[Start of section]
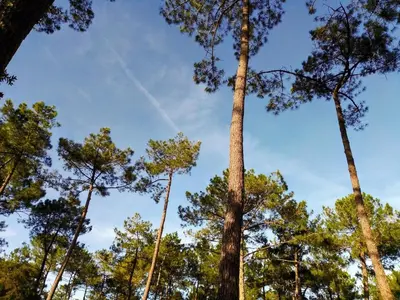 Paysage naturel près de le complexe hôtelier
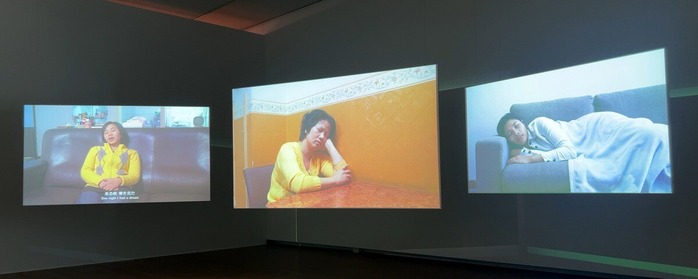 饒加恩 ジャオ・チアエン Jao Chia-En 「レム睡眠」2011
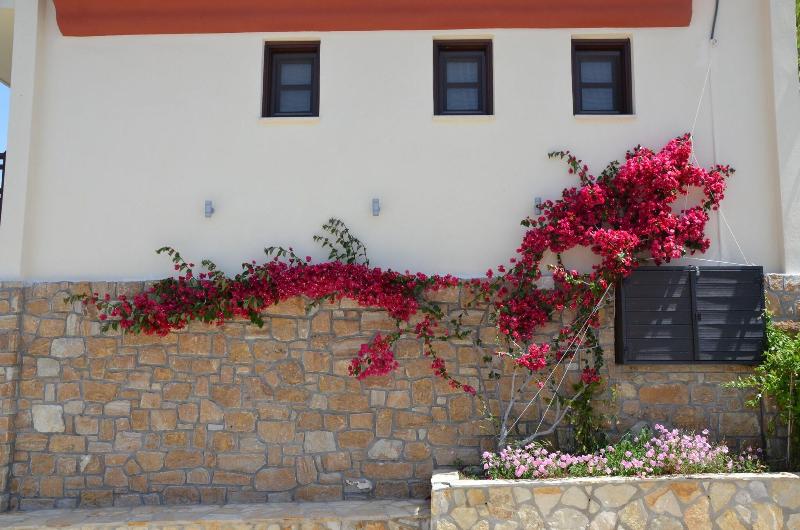 Helianthus Guesthouse image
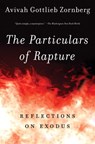 The Particulars of Rapture - Avivah Gottlieb Zornberg - 9780805212440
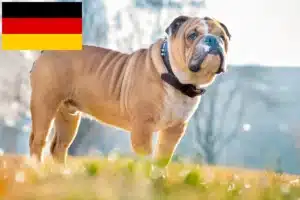 Read more about the article Angol bulldog tenyésztők és kölykök Németországban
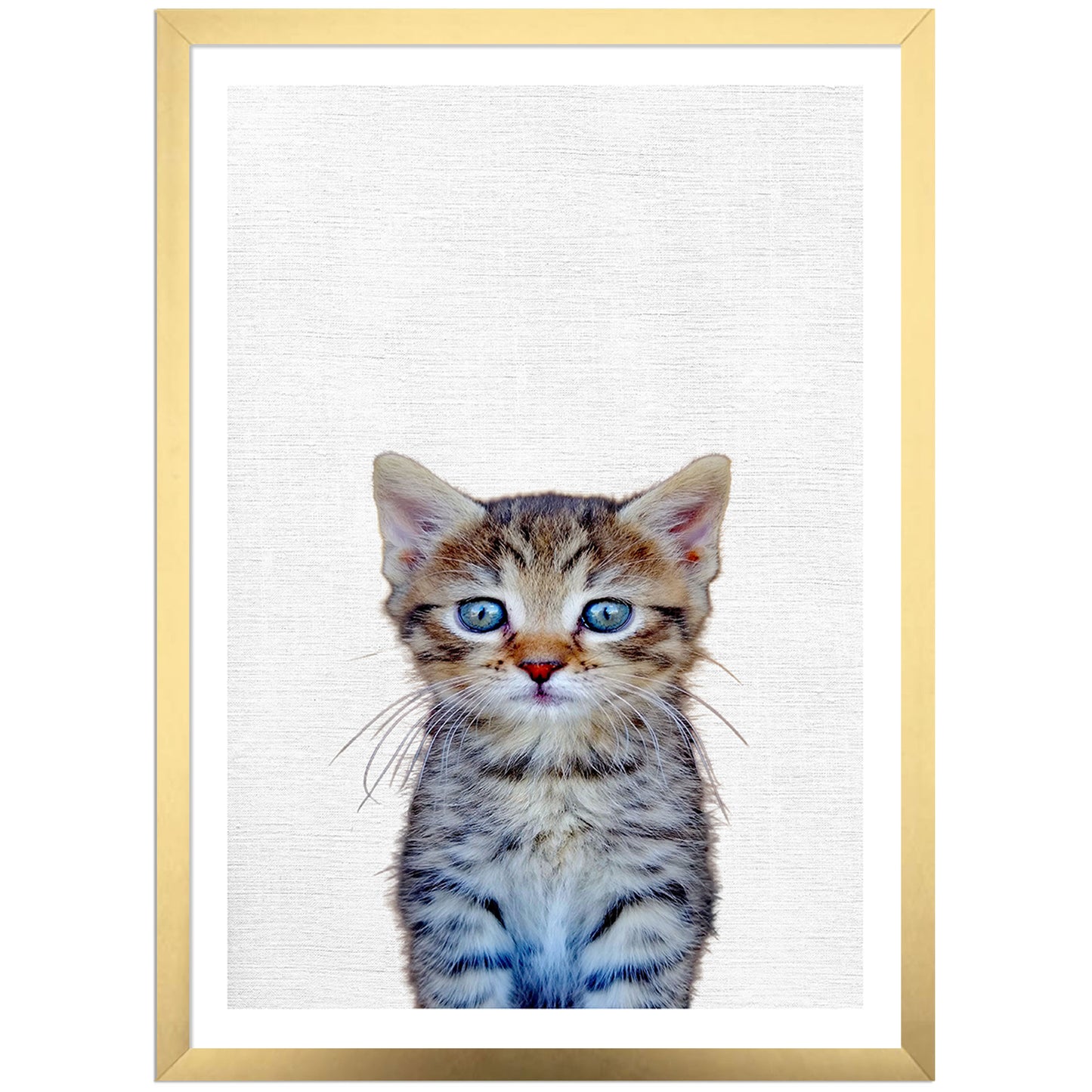 Cute Kitten Art Print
[End of section]
▶ [Requirement] Copy out the data verbatim, with no pictures.

▶ [Answer to the problem]
 Paysage naturel près de le complexe hôtelier
 饒加恩 ジャオ・チアエン Jao Chia-En 「レム睡眠」2011
 Helianthus Guesthouse image
 The Particulars of Rapture - Avivah Gottlieb Zornberg - 9780805212440
 Read more about the article Angol bulldog tenyésztők és kölykök Németországban
 Cute Kitten Art Print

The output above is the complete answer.